As most of you know, October is National Breast Cancer Awareness Month.  For one month, everything is painted pink as a reminder:  from your favorite NFL team sporting their pink gloves, cleats, wristbands, and sideline caps to TV shows working in breast cancer awareness themes to companies offering their products in special breast cancer pink packaging.  And I don’t want to be left out.  I mean, what better time to give this piece of advice than during the month of October, right?

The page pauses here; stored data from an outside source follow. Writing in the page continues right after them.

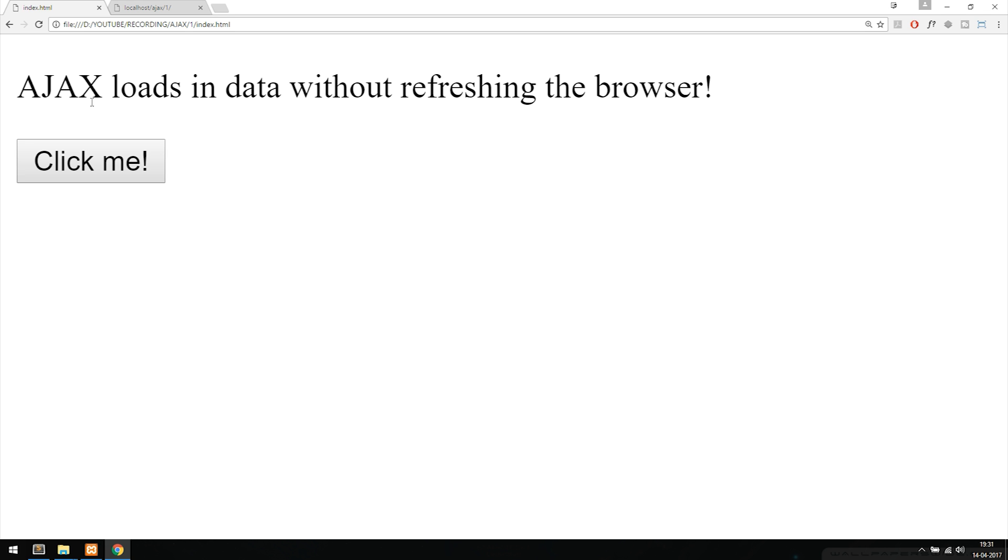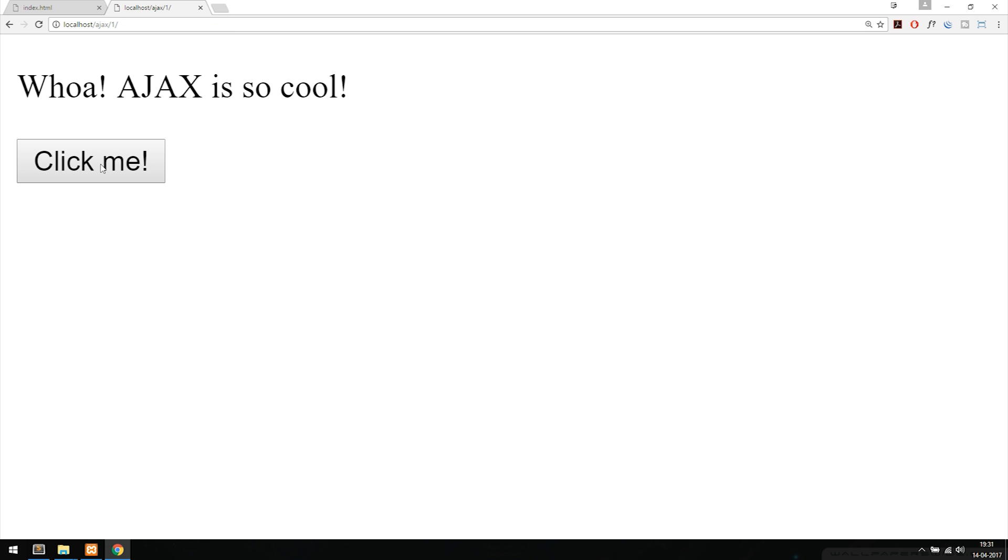Now if I go to the second tab and click the button, you can see that I changed the text. Basically what I just did is I clicked the button and then replaced the text with another piece of text that was inside a separate document inside my server, and I did all that without having to refresh the browser.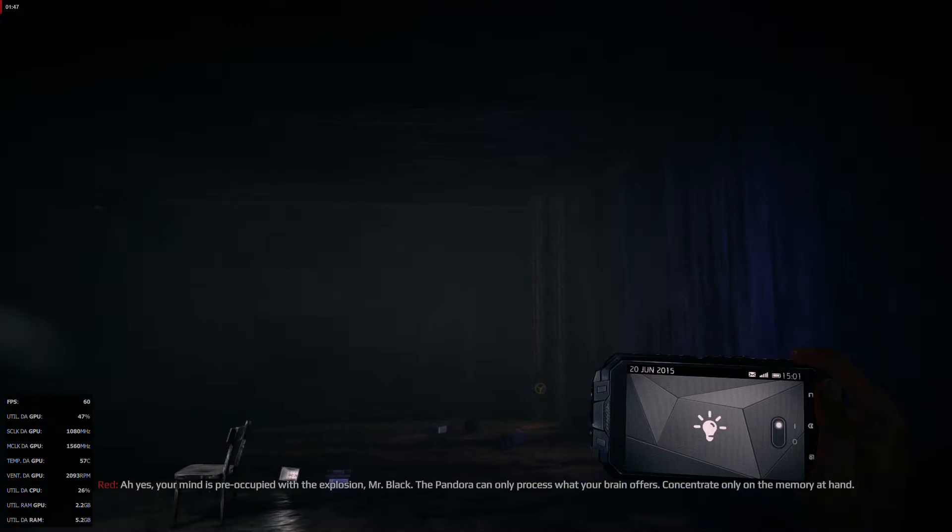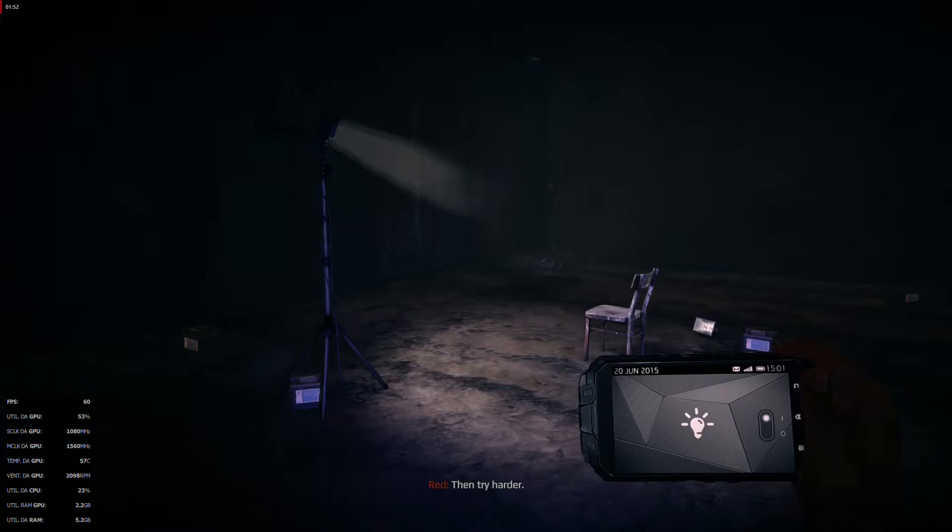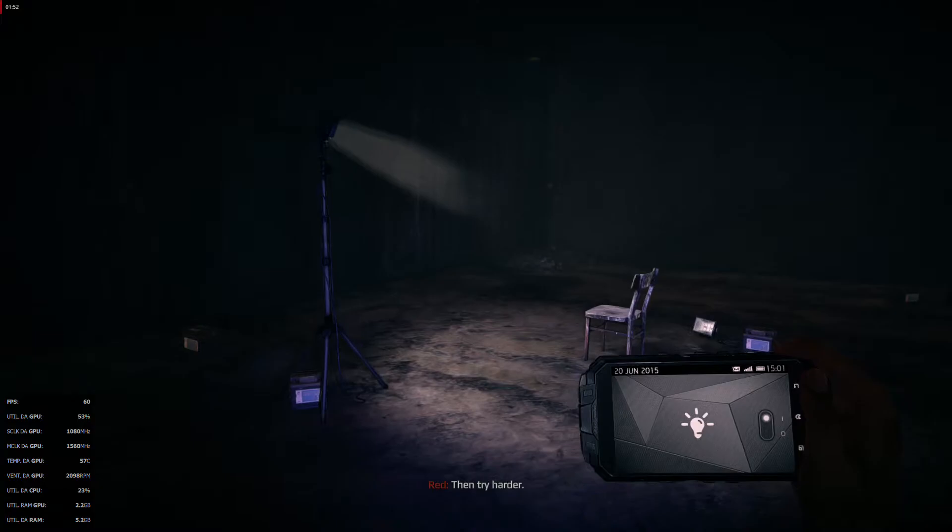Your mind is preoccupied with the explosion, Mr. Black. The Pandora can only process what your brain offers. Concentrate only on the memory at hand. I am trying. Then try harder.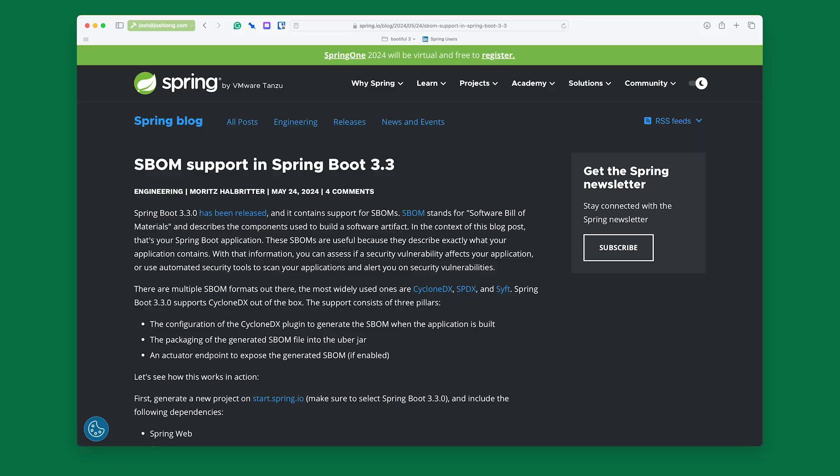The point is, governments are pointing in that direction — some have already gone there — and it's no wonder why. The more transparent we can be about the software, the better we'll sleep at night. Should there ever be a bug, we'll know what could have gone wrong, and we can quickly identify whether we're vulnerable to particular CVEs. So what does this mean for you, dear Spring Boot user? Well, there's new support in Spring Boot 3.3 that we can take advantage of to build and export our own SBOMs.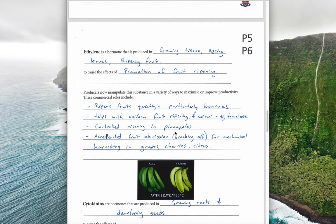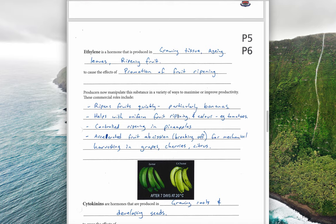Ethylene is a hormone commonly used in commercial fruit production. It's produced in growing tissue, aging leaves, and ripening fruit, and its main function is to promote fruit ripening. For example, bananas can be transported green on trucks when they're harder and less likely to bruise, then treated with ethylene in a gas chamber when ripening is needed, taking a couple of days to ripen. Ethylene also makes ripening uniform in colour — for example in tomatoes and pineapples — and accelerates fruit detachment from plants such as grapes, cherries, and citrus for automated harvesting.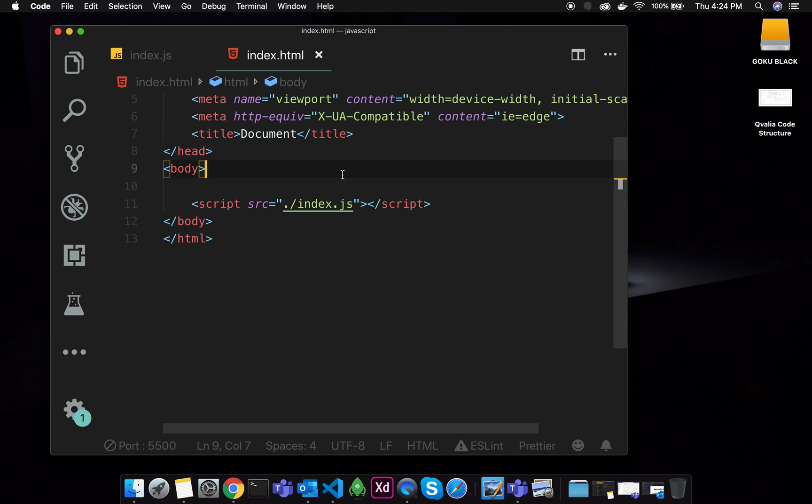We already have events in this section. We will talk about events like onclick, keypress, mouseout, mousein, and events.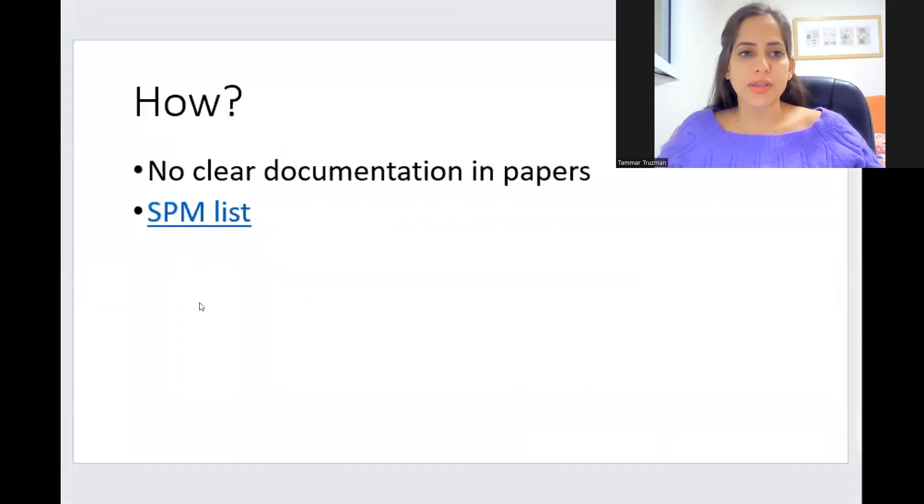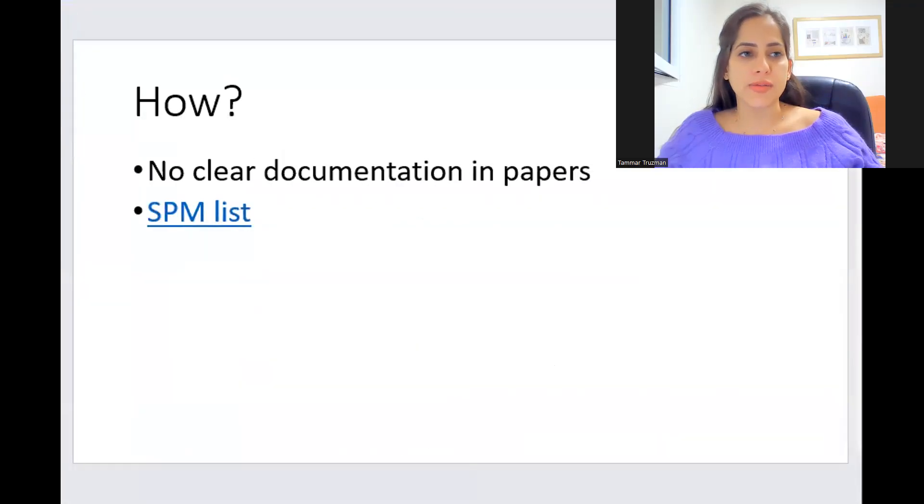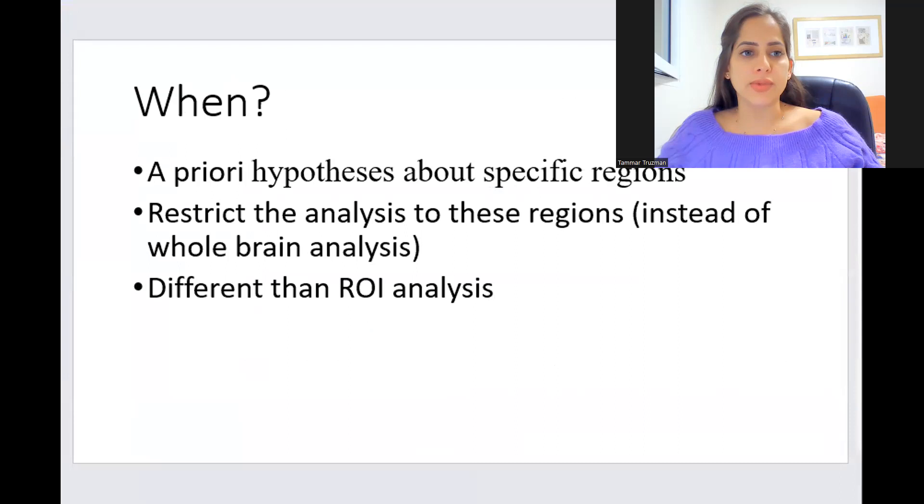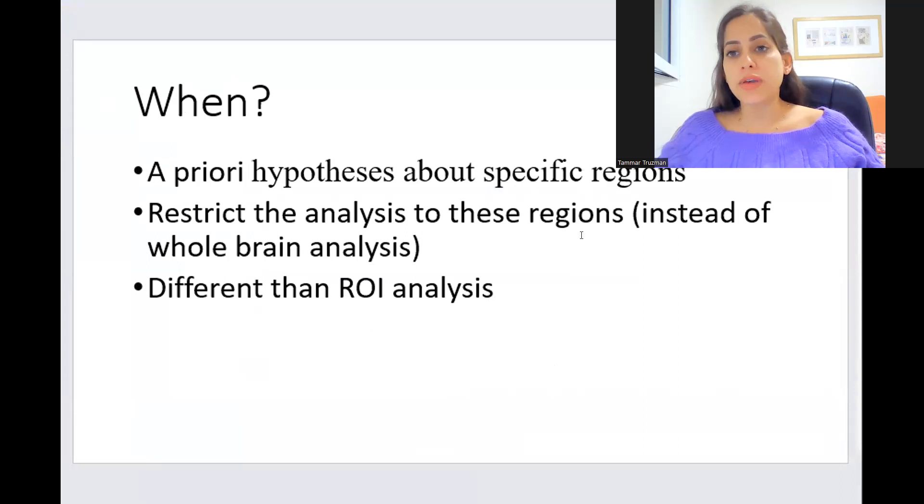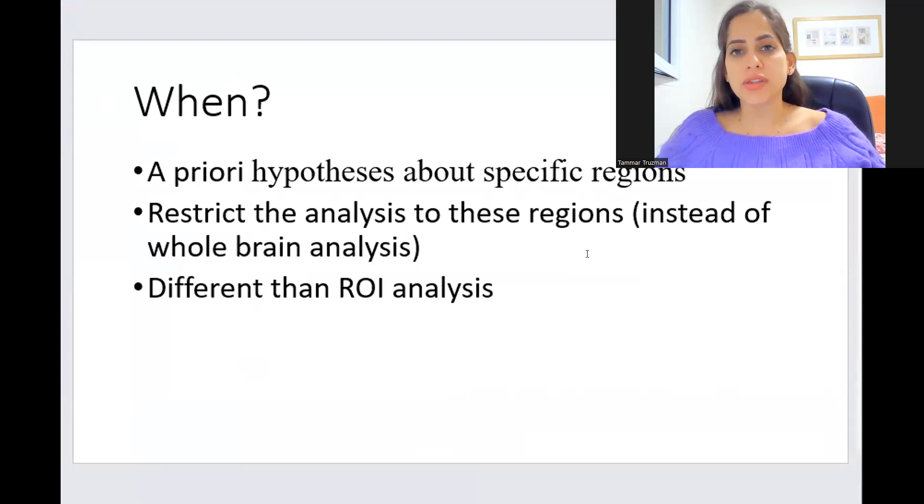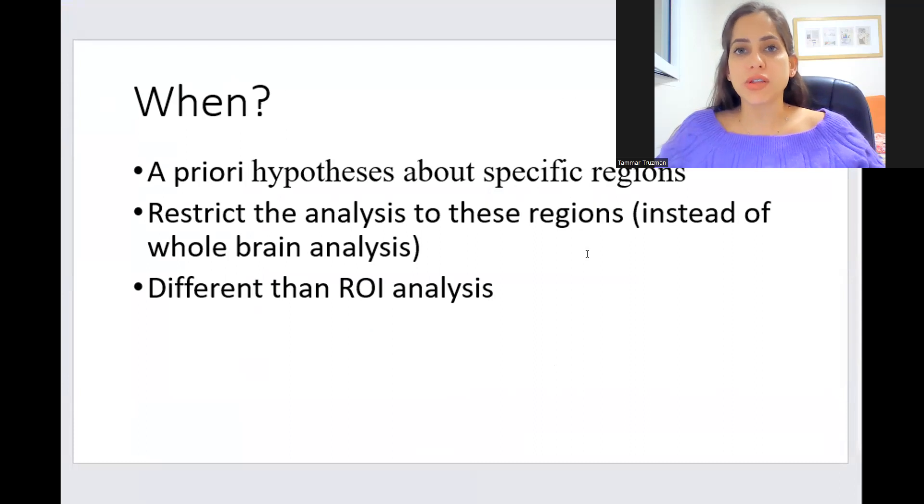So first of all, when using small volume correction, it's when you have a strong a priori hypothesis about specific regions in your study.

Did you know that despite the fact that the older a woman is the more likely she is to get breast cancer that younger women in their 20s can and do get breast cancer?  Did you know that although white women are more likely to get breast cancer than women from any other ethnic group that black women are more likely to die from it than white women?  And did you know that out of every 100 cases of breast cancer, one will occur in a man?*

“Well, what can I do?” 

I’m glad you asked.  First, know your risk of developing breast cancer.  Know your family health history and if you’re at a particularly high risk of developing breast cancer.  Second, have a discussion with your doctor about when you should start having clinical breast screenings and regular mammograms.  Insert personal note:  I had my first mammogram in my early 20s after finding a lump during a self exam.  Despite the horror stories I had heard about how painful they are, it was not painful at all, so don’t let that keep you from getting one.**  That brings me to my third point:  know what’s normal for you.  You must actually feel your breasts to know what’s normal and to recognize when there is a change.  And don’t stop at just feeling them, but also visually exam them to make sure there aren’t any changes to the way they look.  Lastly, there are a few proactive measures that you can take: maintain a healthy weight, exercise, and limit alcohol intake (I know this last one is particularly difficult for some).   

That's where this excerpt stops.